The USF School of Law Human Rights in Criminal Sentencing Project is advocating for sentencing reforms based on its research that U.S. penal laws are out of step with the rest of the world.

“It has long been understood that U.S. sentences are much longer than those used in many other countries around the world. Our study comprehensively compiles the available statutory evidence for that assertion,” said Professor Connie de la Vega, one of the authors of the report.

The project published its report, “Cruel and Unusual: U.S. Sentencing Practices in a Global Context,” in May. The project found that the United States is among only 20 percent of countries around the world that utilize life without parole sentences; is among only 21 percent of countries around the world to issue uncapped consecutives sentences when there are multiple offenses from the same act; is one of only three federalist countries that allow successive prosecution of the same defendant by federal and state governments for the same crime; and is in the minority of countries (16 percent) that allow for children to be tried and sentenced as adults.

Since the publication of the report, which the Ford Foundation supported with a two-year grant in 2010, project researchers have participated in the John Jay College of Criminal Justice conference “Global Perspectives on Justice, Security, and Human Rights” and a National Association of Criminal Defense Lawyers conference. The project has also established relationships with Human Rights Watch, the American Civil Liberties Union, Amnesty International, The Sentencing Project, the San Francisco Sentencing Commission, and many other organizations focused on criminal justice reform.

“We’ve received a great response to our report,” Project Director Amanda Solter said. “It is clear that we’re covering new ground and that some of these major organizations are only just beginning to look at the issues that we wrote about.”

With an additional year of funding from the Ford Foundation, project researchers plan to continue their advocacy efforts, especially at the United Nations Human Rights Council and with other international organizations.

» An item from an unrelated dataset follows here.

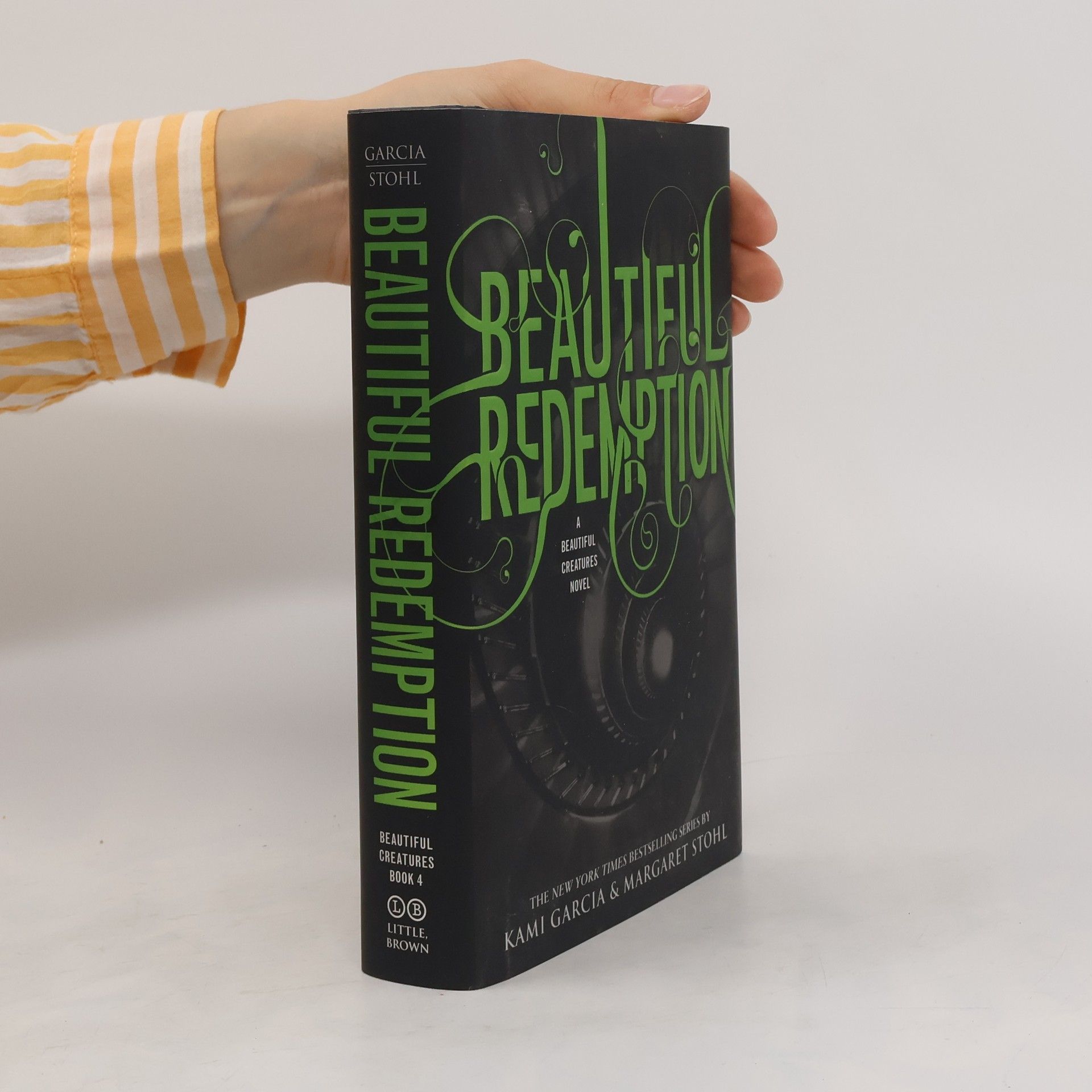 Kami Garcia Beautiful Redemption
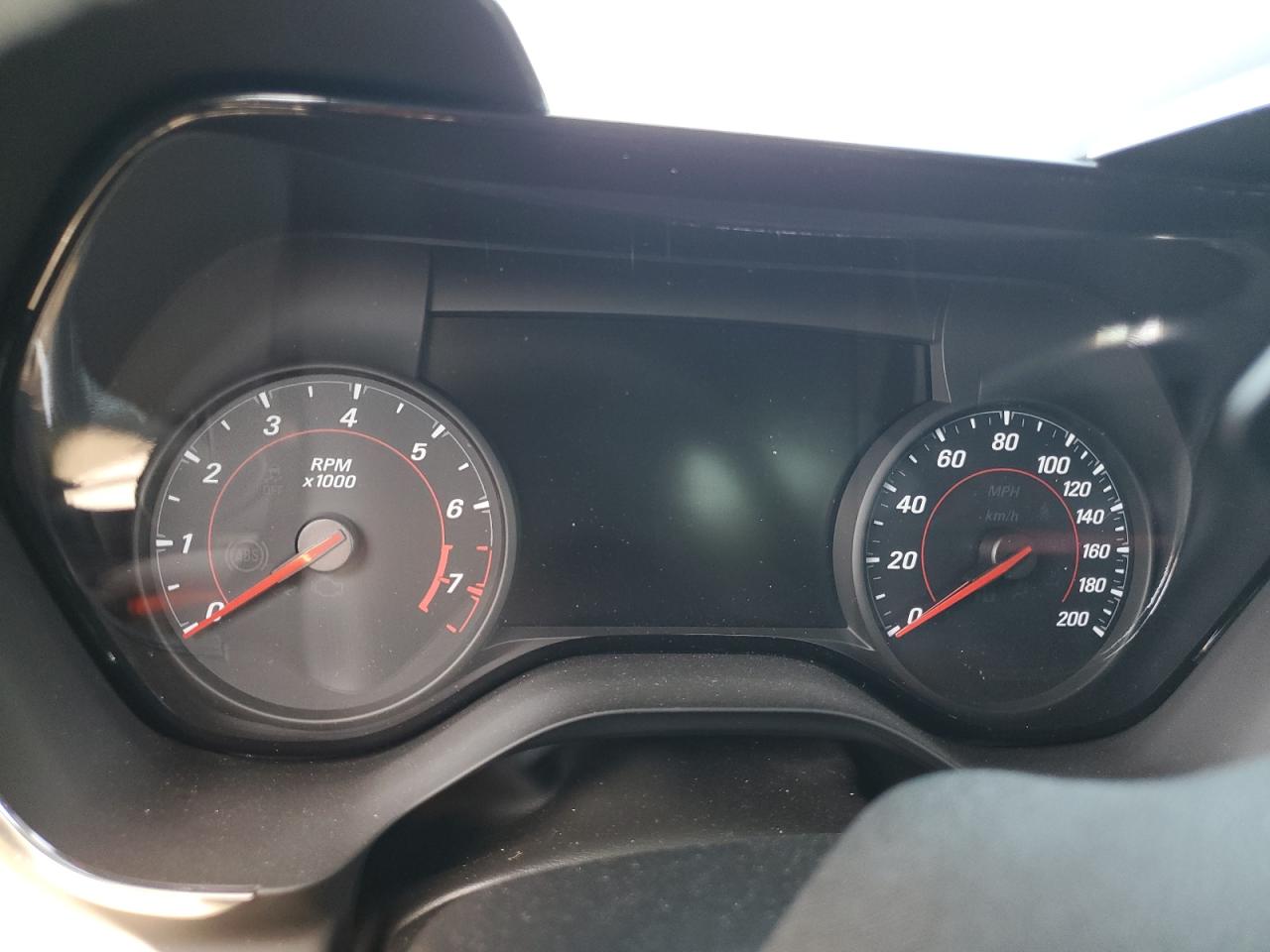 2017 Chevrolet Camaro Ss VIN: 1G1FE1R78H0215003 Lot: 94772215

“The excessively punitive nature of criminal sentencing in the United States is at odds with its stated international human rights law obligations,” said Soo-Ryun Kwon, one of the project researchers. “These practices contradict not only these obligations but also what the vast majority or countries in the world have deemed to be just punishment for crimes.”

“Cruel and Unusual: U.S. Sentencing Practices in a Global Context” is available at www.usfca.edu/law/docs/criminalsentencing.